EO and the cinema of animal suffering

What does the pained animal signify? To Descartes, next to nothing. In the eminent dualist’s opinion, animals were mere automata, complex mechanisms capable of acting out love, anger, and fear without actually feeling them. Lacking minds, and therefore souls, animals could only ever appear to suffer, reflecting our experiences but never actually experiencing them. To humans alone remained the province of pain.

Descartes’s view is often dragged out to illustrate the barbarism of a darker age. But what if his dualism in fact marked a substantial break? In his 1977 essay “Why Look at Animals?” John Berger argues that, until the time of Descartes, humans and animals lived in such close and such regular proximity that any hard distinction between the two would have been impossible to imagine. Humans are animals, of course. But more significantly, men looked at animals to see and understand themselves, defining their own humanity through metaphors that often merged the experiences of human and animal. Hence Homer’s comparison of Menelaus to a mountain lion, or the human-animal hybrids found in caves across the world—often painted, Berger notes, in the animals’ own blood. Yet even Berger’s sensitive eye rests more on humans than their animal counterparts. When Berger looks at animals, he sees how humans see themselves.

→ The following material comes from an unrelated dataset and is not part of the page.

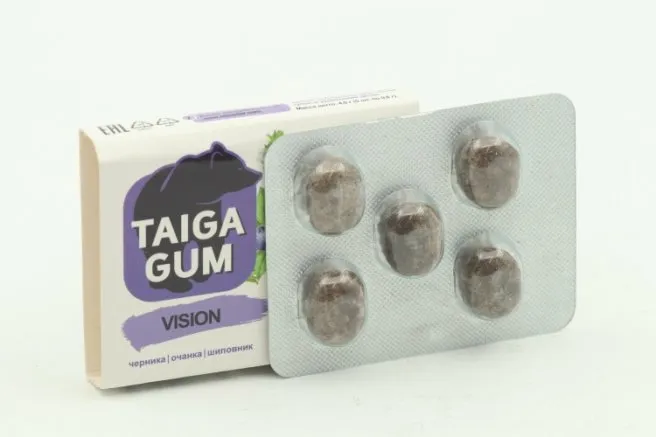 Taiga Gum Смолка жевательная Вижн, без сахара, 5 шт.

Is this not an apt description of the cinema of animal suffering? An on-screen animal always symbolizes, stands-in-for, and no more so than when they are in agony. Their pain is used to illustrate any number of human sins—sadism, cynicism, greed, indifference—especially those which cannot be shown, not for real. Think of the horse tumbling, broken and gushing blood, down the stairs in Andrei Rublev, a piercing moment of real death amid a moving symphony of the fake stuff. The sham snuff-film at the center of 1980’s Cannibal Holocaust gets a queasy boost from the on-screen slaughter of a menagerie of wild animals. Jean Renoir’s apocalyptic The Rules of the Game turns on the tragic murder of a daring, love-struck airman, but it truly peers into the abyss during a central hunt sequence, in which the story’s callow aristocrats slaughter hundreds upon hundreds of rabbits, pheasants, and other game animals. The bloodbath goes on for minute after interminable, intoxicating minute. One adorable animal after another dashes forward only to get blown away, for real, on camera. The film moves on to more intrigue, more distraction, more melodrama and tragedy, but leaves this pyramid of shattered bodies standing tall at the core. A character even says of the man who dies: he dropped like an animal in the hunt. All of these animals had to perish so that one man could pretend to. Their pain primes us to believe his.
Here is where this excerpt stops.